Caching is generally the last thing you should do. If you cache before you have dealt with any other bottlenecks, you'll mask their effects, but not kill them completely. This can come back and badly bite you later.
For example, caching the JSON generation earlier would have meant we may never have spotted the wasteful sqloop, and the problem would have simply been suppressed until the site was large and active - not really a time when you want to be debugging performance issues! Also, the caching would have meant the problem would have been "intermittent" - with the poor users who get the uncached pages suffering while the others notice nothing wrong.
When you cache, you're looking to eliminate as much work as you can, preferrably without ever serving stale data.
One option is sending expires headers. This is a poor choice in this case, because the same URL can send back different data (e.g. when a new incident is added). It also gives no benefit as more visitors hit the site. They all have to request the data anyway.

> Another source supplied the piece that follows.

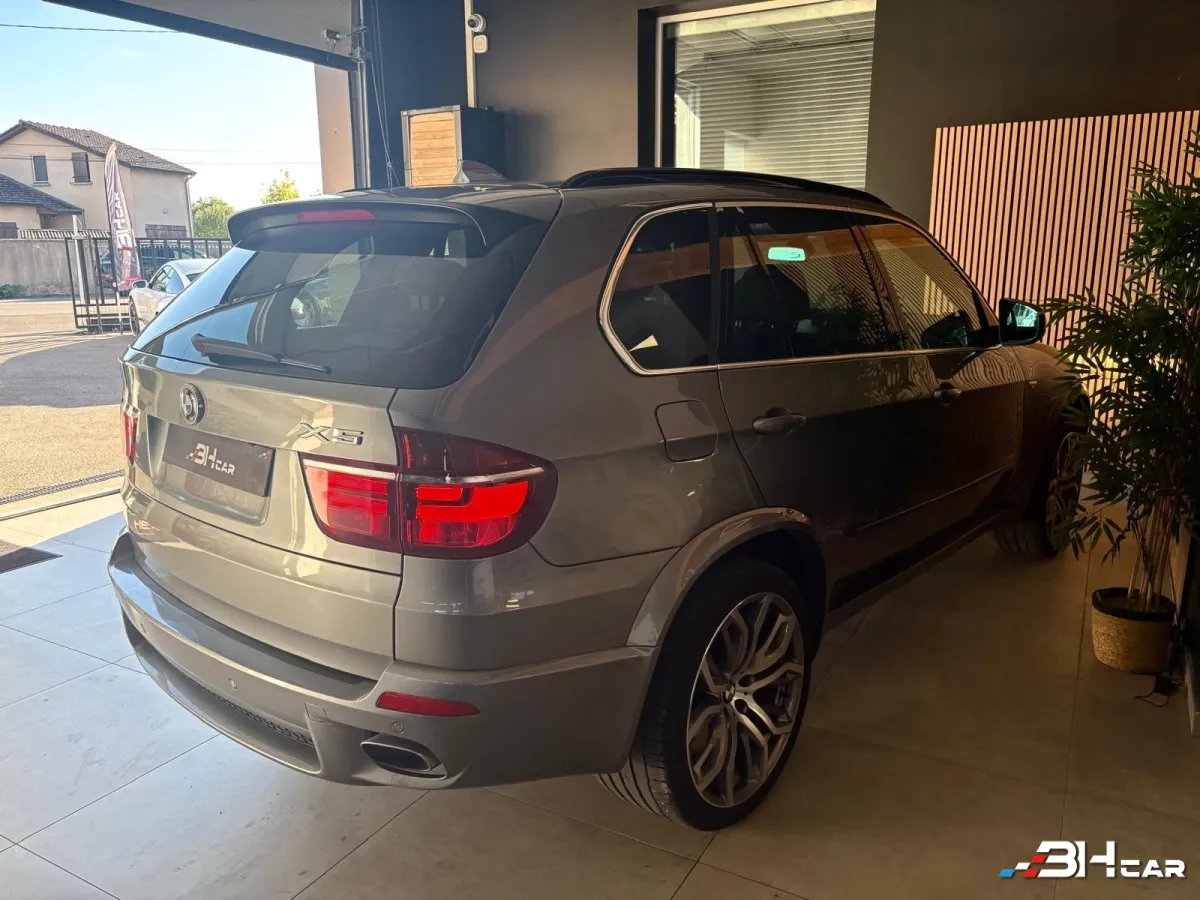 Bmw X5 - photo 7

In this case, it's better to cache on the server, in the action itself. The reasons for this are that we can cache once for all users, and we can generate a sensible cache key - which means we can avoid ever serving stale data.

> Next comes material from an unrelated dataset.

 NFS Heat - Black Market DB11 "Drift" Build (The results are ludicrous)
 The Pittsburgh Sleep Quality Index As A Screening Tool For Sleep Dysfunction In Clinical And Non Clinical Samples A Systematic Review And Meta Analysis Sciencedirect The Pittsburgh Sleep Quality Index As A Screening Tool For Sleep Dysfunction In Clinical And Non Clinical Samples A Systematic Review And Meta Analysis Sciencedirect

The simplest caches are key/value stores. You put a value in the store (e.g. the JSON that the action generated), and the key you use to get it is something that you can quickly work out the next time you want the data back (e.g. the GET parameters to the script).

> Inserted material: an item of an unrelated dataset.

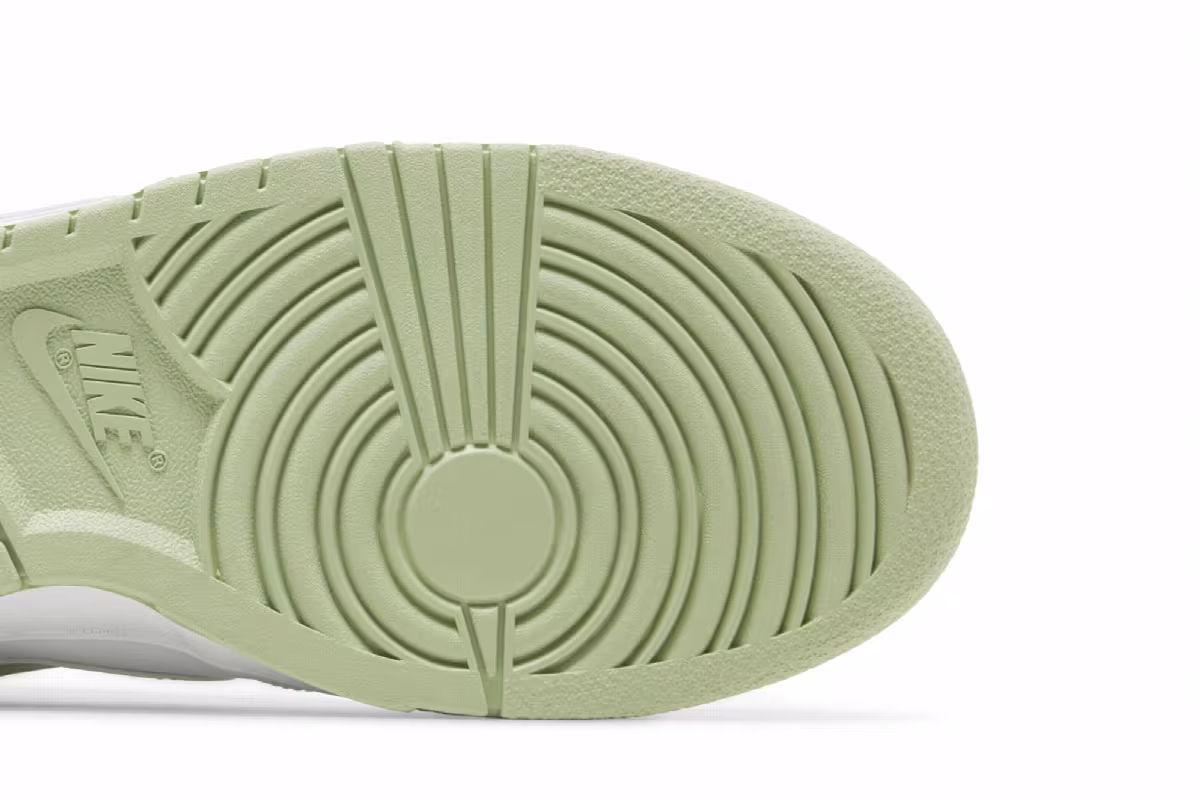Nike Dunk Low Honeydew, view 6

The trick is to generate the cache keys in such a way that if the underlying data changes, the key will change. Sometimes this means you can't just use the input parameters to the script. Here's my patch. The key is made up of the GET parameters, and the IDs of all of the incidents. It's then md5'd to make sure it only has known characters in it, and used to access a file on disk.
There are few side effects of this caching implementation:
- As incidents are added or removed, all of the entries in the cache will effectively be worthless. But that's fine, there are many more users of the map then there are incidents being added, so we'll get benefits in most cases.
- If an incident changes (e.g. its latitude/longitude), the cache key will NOT change, which means it won't move on the map.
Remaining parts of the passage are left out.